# Using E/USB token as mass storage



## billubakra (Mar 7, 2017)

Hi Guys,

Is it possible to store and retrieve files other than certificates in USB etoken? I would like to use it as read-only USB flash disk. Also how to copy/make an image of the certificates in an etoken to hdd or to another pendrive?

Thanks


----------



## gameranand (Mar 10, 2017)

Yes its possible to use it as regular storage device. And you can make backup as well, although its not recommended because USB E tokens are meant for security related tasks and certificates and saving them elsewhere would be insecure.


----------



## bssunilreddy (Mar 10, 2017)

billubakra said:


> Hi Guys,
> 
> Is it possible to store and retrieve files other than certificates in USB etoken? I would like to use it as read-only USB flash disk. Also how to copy/make an image of the certificates in an etoken to hdd or to another pendrive?
> 
> Thanks


Just have a look at this and decide for yourself but as for me I would not store in a normal pen drive.
Normal Pen Drive Vs eToken : Digital Signature Certificates India, DSC Kolkata, India, certificates for digital signature MTNL

Sent from my Lenovo K33a42 using Tapatalk


----------



## billubakra (Mar 10, 2017)

bssunilreddy said:


> Just have a look at this and decide for yourself but as for me I would not store in a normal pen drive.
> Normal Pen Drive Vs eToken : Digital Signature Certificates India, DSC Kolkata, India, certificates for digital signature MTNL
> 
> Sent from my Lenovo K33a42 using Tapatalk



I know about the differences. My friend has one, he wants to take the backup, probably as an image, of the etoken so that God forbid if it gets lost he can restore the same in some other pendrive. He has some years old etokens the timeframe of which has passed so he wanted to use them as a normal pendrive.


----------



## gameranand (Mar 13, 2017)

billubakra said:


> I know about the differences. My friend has one, he wants to take the backup, probably as an image, of the etoken so that God forbid if it gets lost he can restore the same in some other pendrive. He has some years old etokens the timeframe of which has passed so he wanted to use them as a normal pendrive.


He can.


----------



## billubakra (Mar 14, 2017)

gameranand said:


> He can.



Please explain how dear?


----------



## gameranand (Mar 14, 2017)

Format the storage as FAT32 or NTFS ?


----------



## billubakra (Mar 15, 2017)

gameranand said:


> Format the storage as FAT32 or NTFS ?



No option of formatting.

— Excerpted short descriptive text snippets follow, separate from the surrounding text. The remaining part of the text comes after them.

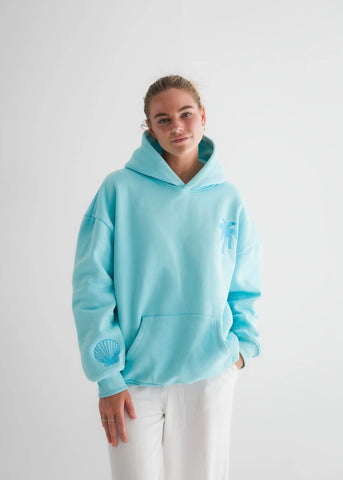 Aquamarine Hawaiian Hibiscus Hoodie for Cozy Island Vibes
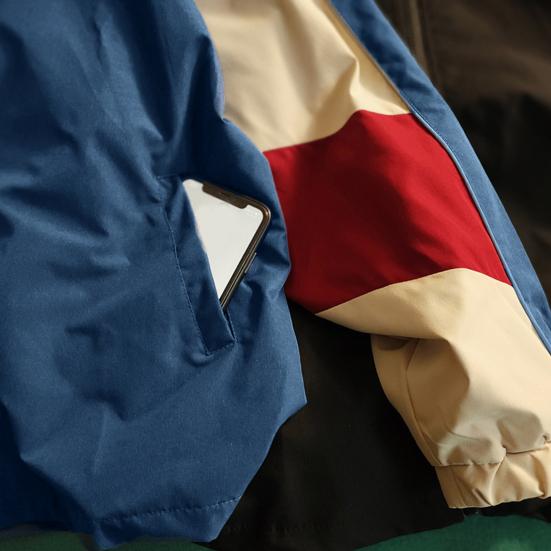 Herrenjacke, Farbblock, locker, Vintage, lange Ärmel, Reißverschluss, Stehkragen, winddicht, weich, Streetwear, Schule, Baseballmantel, Frühlings- und Herbstmantel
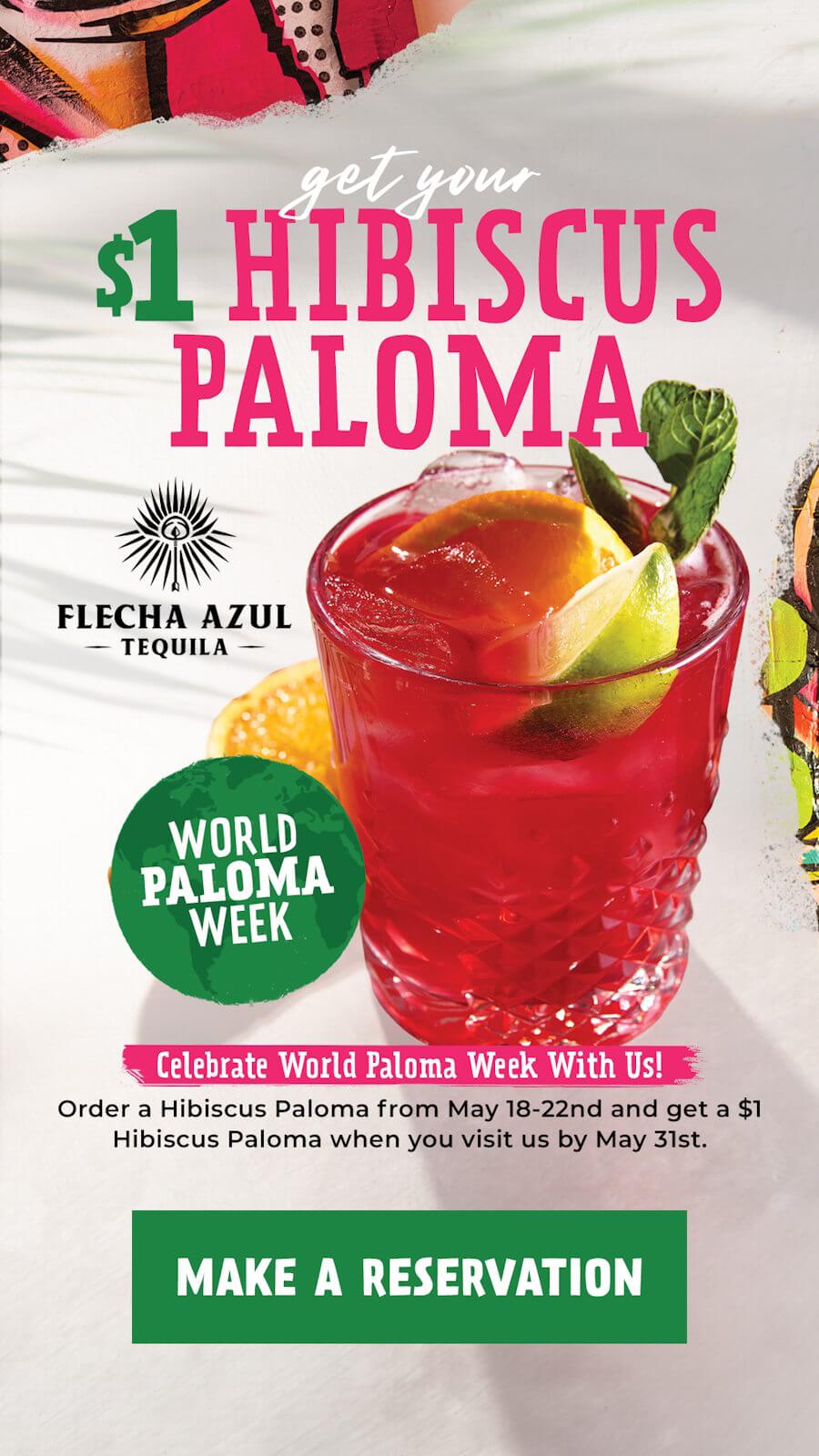 A cool and refreshing $1 Paloma to celebrate World Paloma Week at Barrio Queen restaurants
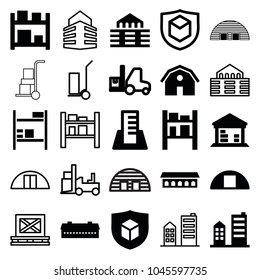 Iconos de almacén. conjunto de 25 iconos de almacén rellenos y esquemáticos editables como granero, granero de carga, almacenamiento, construcción, carretilla elevadora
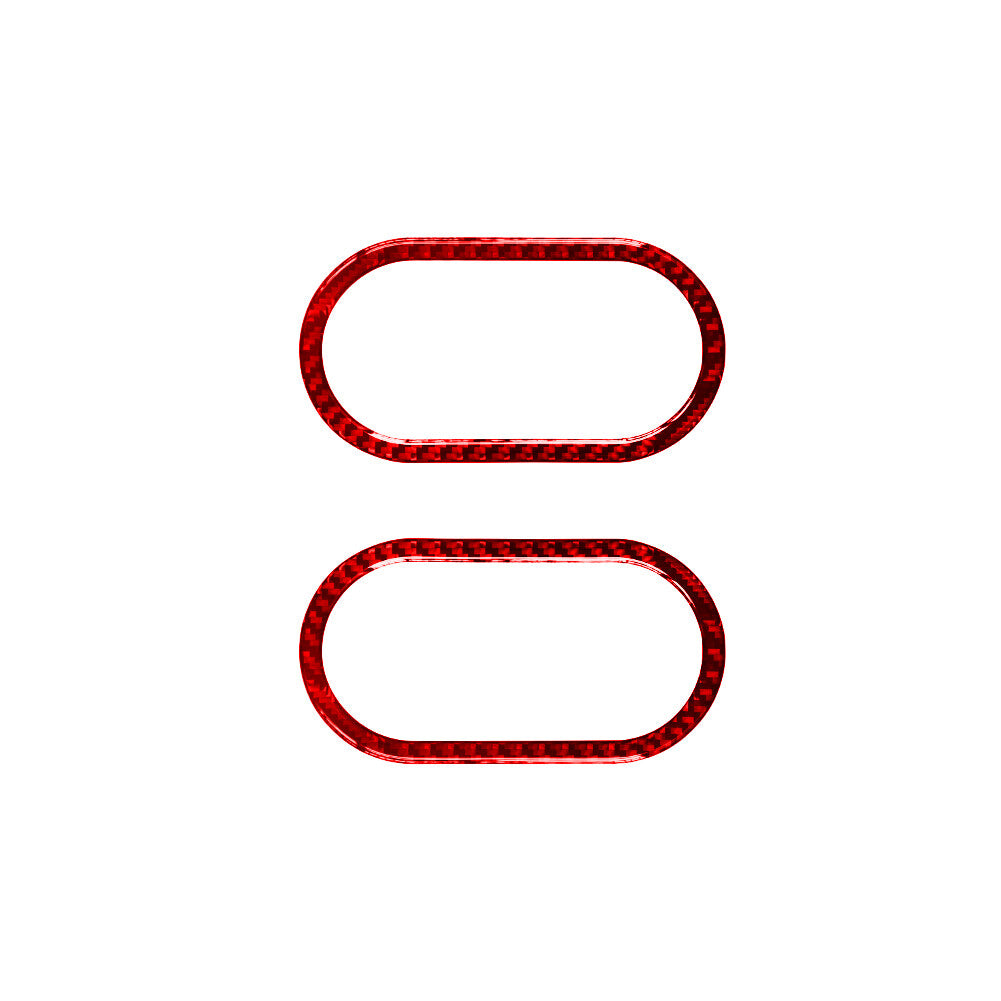 2x Red Carbon Fiber Rear Door Handle Outer Frame Trim for Jeep for Wrangler 2007-10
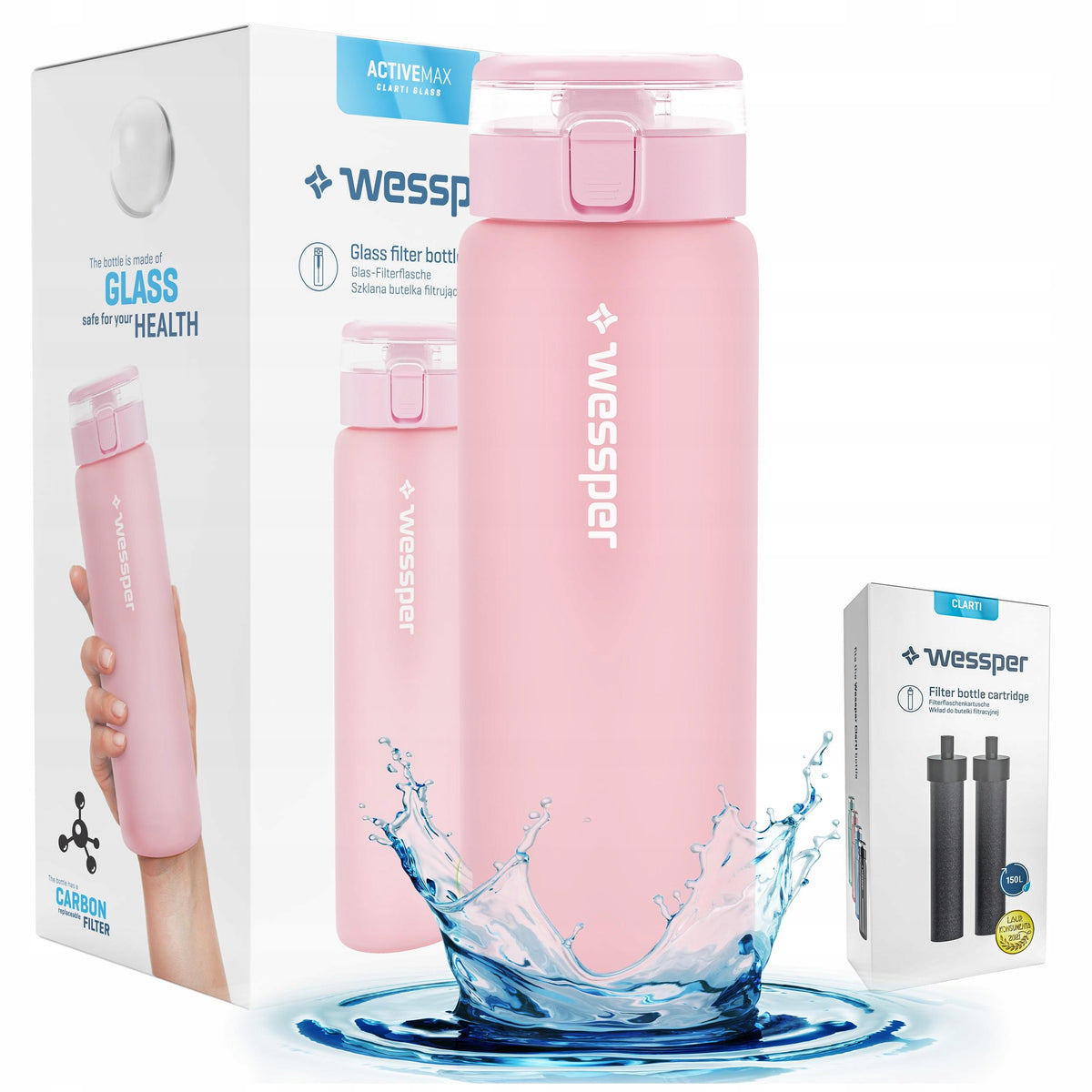 Filter bottle Wessper ActiveMax Clarti 0,68l pink + 3x Filter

Its encrypted/secured I guess.


----------



## gameranand (Mar 16, 2017)

Try that with Gparted or some other good partition manager like MiniTool Partition Wizard or something.


----------



## billubakra (Mar 23, 2017)

gameranand said:


> Try that with Gparted or some other good partition manager like MiniTool Partition Wizard or something.



That software also can't do it dear. Any other help?


----------



## billubakra (Jan 25, 2018)

Bump....


----------